Fatty Acid-Induced Lipotoxicity in Pancreatic Beta-Cells During Development of Type 2 Diabetes

Abstract

Type 2 diabetes is caused by chronic insulin resistance and progressive decline in beta-cell function. Optimal beta-cell function and mass is essential for glucose homeostasis and beta-cell impairment leads to the development of diabetes. Elevated levels of circulating fatty acids (FAs) and disturbances in lipid metabolism regulation are associated with obesity, and they are major factors influencing the increase in the incidence of type 2 diabetes. Chronic free FA (FFA) treatment induces insulin resistance and beta-cell dysfunction; therefore, reduction of elevated plasma FFA levels might be an important therapeutic target in obesity and type 2 diabetes. Lipid signals via receptors, and intracellular mechanisms are involved in FFA-induced apoptosis. In this paper, we discuss lipid actions in beta cells, including effects on metabolic pathways and stress responses, to help further understand the molecular mechanisms of lipotoxicity-induced type 2 diabetes.

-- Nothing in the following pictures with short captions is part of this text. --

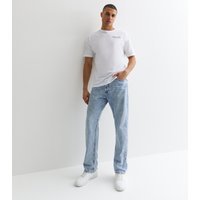 jack & jones Men's Blue Regular Straight Leg Jeans Jack & Jones New Look - 3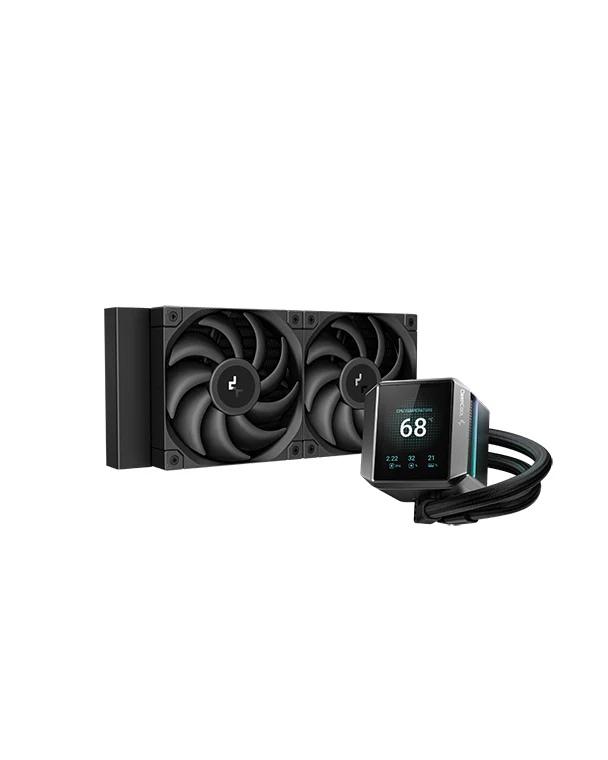 DeepCool MYSTIQUE 240 LCD Liquid Cooler 01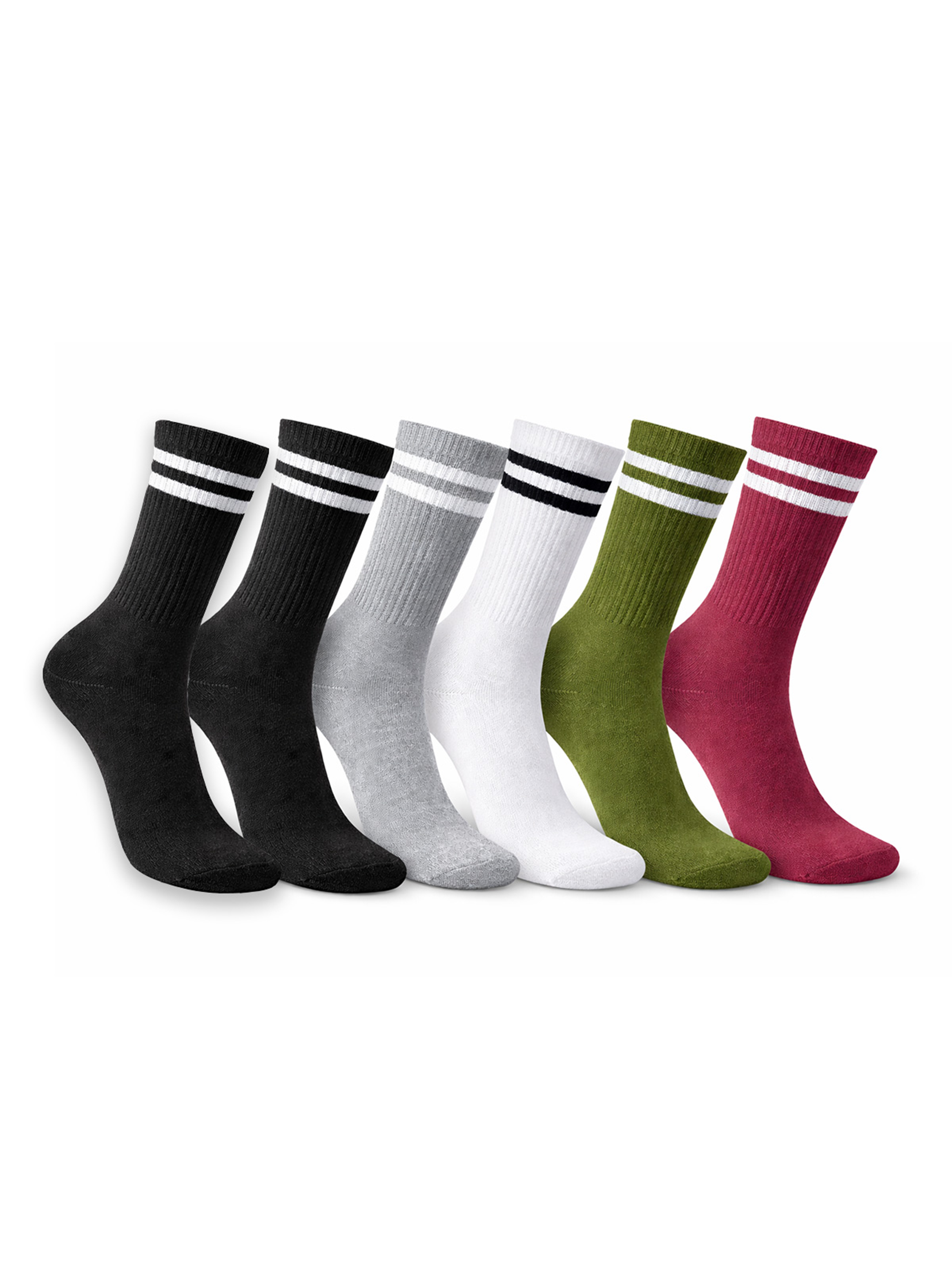 6 Pares Calcetín Deportivo Raya Largo 2/4 Monarch-0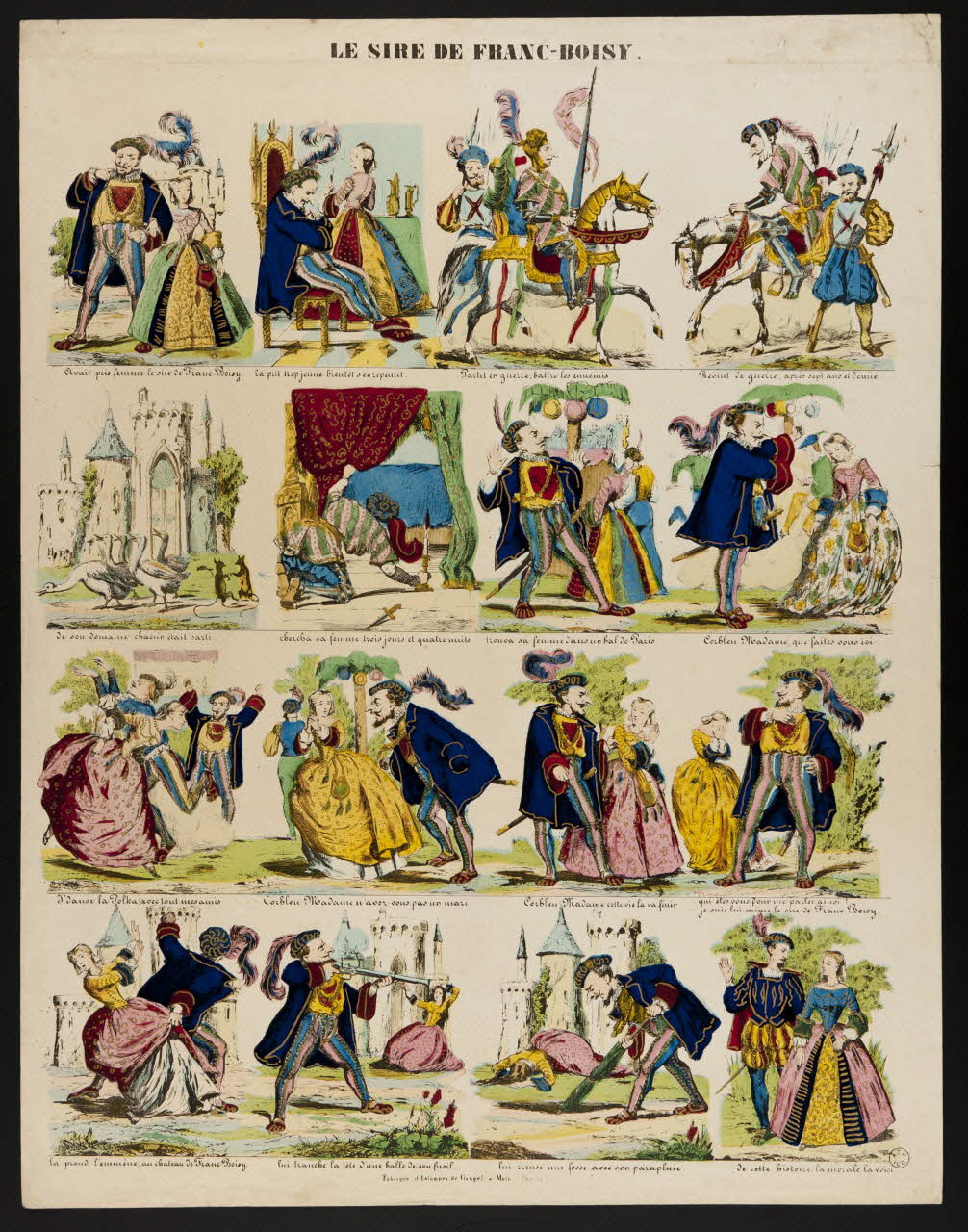 Charles Nicolas Gangel estampe LE SIRE DE FRANC-BOISY. Metz 1852-1858 1953.86.2930 Photo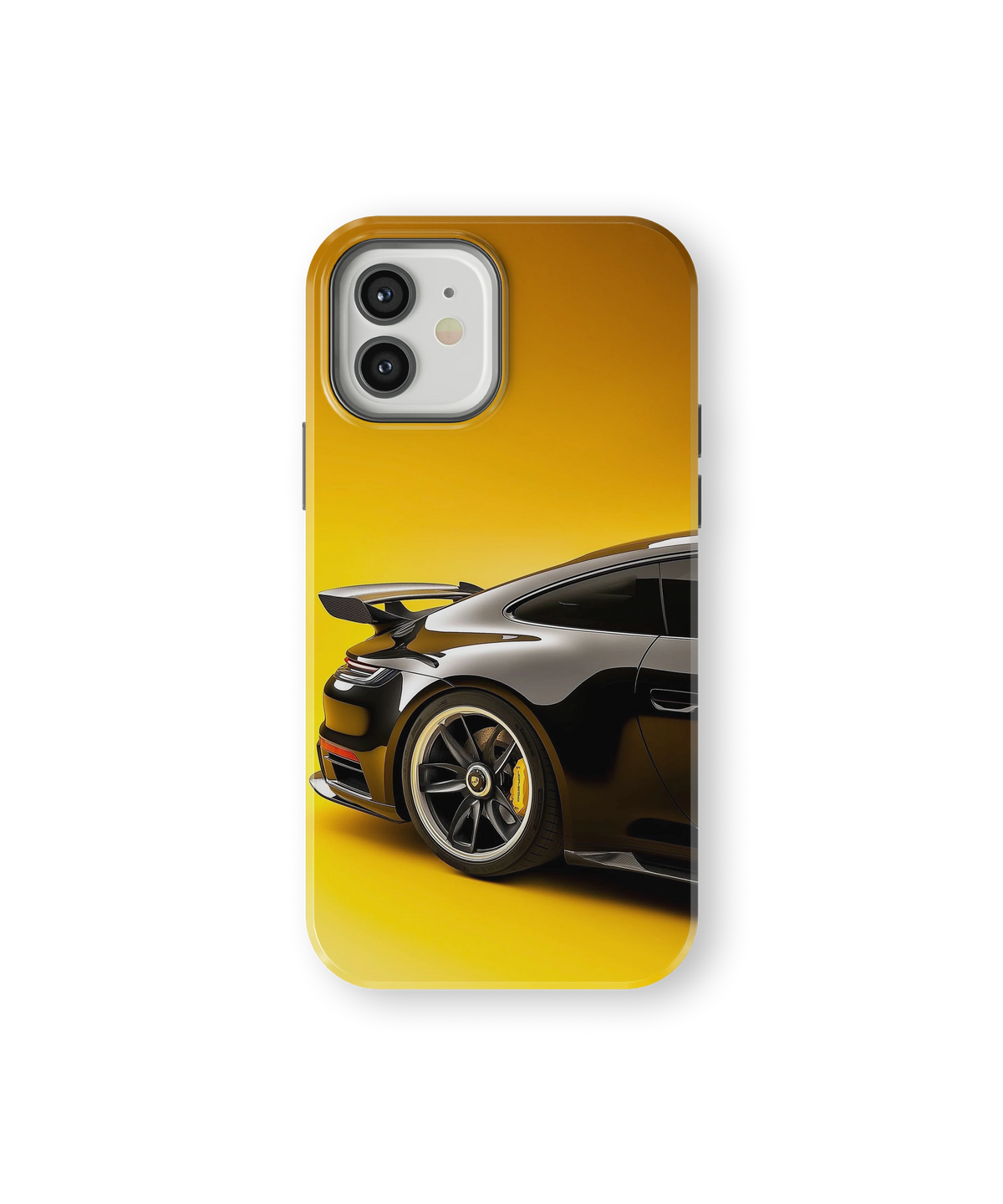 Coque iPhone – Porsche 911 Black & Yellow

Keywords: beta-cell; fatty acid; insulin secretion; lipotoxicity; type 2 diabetes.

Figure 1

Mechanisms underlying pancreatic beta-cell failure induced by lipotoxicity. When insulin resistance occurs, elevated free fatty acid (FFA) such as palmiate (PA) acutely increases beta-cell mass and insulin secretion to compensate for insulin insensitivity. Chronic increases of plasma FFA result in lipotoxicity, which contributes to beta-cell dysfunction and apoptosis and, as a consequence, induces type 2 diabetes.

Figure 2

Involved mechanisms regarding impaired insulin secretion and beta-cell apoptosis under lipotoxic condition in pancreatic beta-cells. Palmitate (PA) activates CD36 or FFA receptors (FFARs) and cell stress responses including ceramide formation, lipid droplet (LD) formation, endoplasmic reticulum (ER) stress, mitochondrial dysfunction, and autophagy. These responses result in beta-cell damage and impaired insulin secretion.